The evidence for applying a functional category is given in a separate field (). There are five different evidences which provide information about the underlying rationale why a functional category has been applied. These include different qualities, ranging from experimental evidence (exp) to predicted functions (pred). For all evidences but predicted annotation the underlying PubMed references are provided (). Additional information like disease relevance or more detailed information about the cellular function of protein complexes is given in the comment field ().
One of the mandatory information for PSI-MI compliant annotation is the experimental method which led to the identification of the protein interaction. For this kind of data the PSI consortium provides a list of methods (
http://www.psidev.info/). If several methods were used to isolate a protein complex, all methods are listed.

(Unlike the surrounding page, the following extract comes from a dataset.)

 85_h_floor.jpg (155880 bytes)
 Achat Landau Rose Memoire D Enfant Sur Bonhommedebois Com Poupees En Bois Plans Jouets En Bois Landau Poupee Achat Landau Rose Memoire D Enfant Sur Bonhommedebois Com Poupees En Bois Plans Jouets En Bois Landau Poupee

The PubMed reference of the article that describes the isolation of the protein complex is given in the PubMed field ().
Concerning the inventory of protein complexes of an organism, the complexosome, important questions are (i) of how many different subunits protein complexes are composed, (ii) the fraction of protein coding genes are devoted by cells to build the complexosome and (iii) how many protein complexes does a cell contain?
(i) In September 2007, the CORUM database contained about 1750 protein complexes. On average, each complex consists of 4.7 different subunits. This is well in line with data from yeast (see above). The largest protein complex of the dataset, the spliceosome, consists of 143 different proteins. (ii) If all genes of the protein complexes in CORUM are mapped to e.g. the human genome, the dataset covers ~2400 genes. Based on current estimations that the human genome codes for 20 488 protein coding genes (
17), the entries from CORUM represent 12% of a mammalian genome. Due to the lack of data it is not possible to give a reliable approximation for the total number of protein coding genes in mammalian organisms involved in complex formation. However, assuming that in mammals like in yeast more than half of the protein coding genes are used for the formation of protein complexes would offer cells an enormous repertoire of building blocks for the development of complexes with novel functionalities. The modular architecture of protein complexes is exemplified by large protein complex families like SNARE complexes (96 members), integrin complexes (69 members) and ubiquitin E3 ligases (54 members) that were annotated in CORUM. These protein complex families originated from the association of protein family members which emerged in evolution as the result of gene duplication and specification events (
2). (iii) To date, including data from CORUM, BIND (
18) and HPRD (
19) the number of non-redundant protein complexes in mammals is well above 2500. Since those are only a part of all protein complexes from literature that have been annotated and novel experimentally characterized protein complexes continuously appear, this number will certainly increase in the future.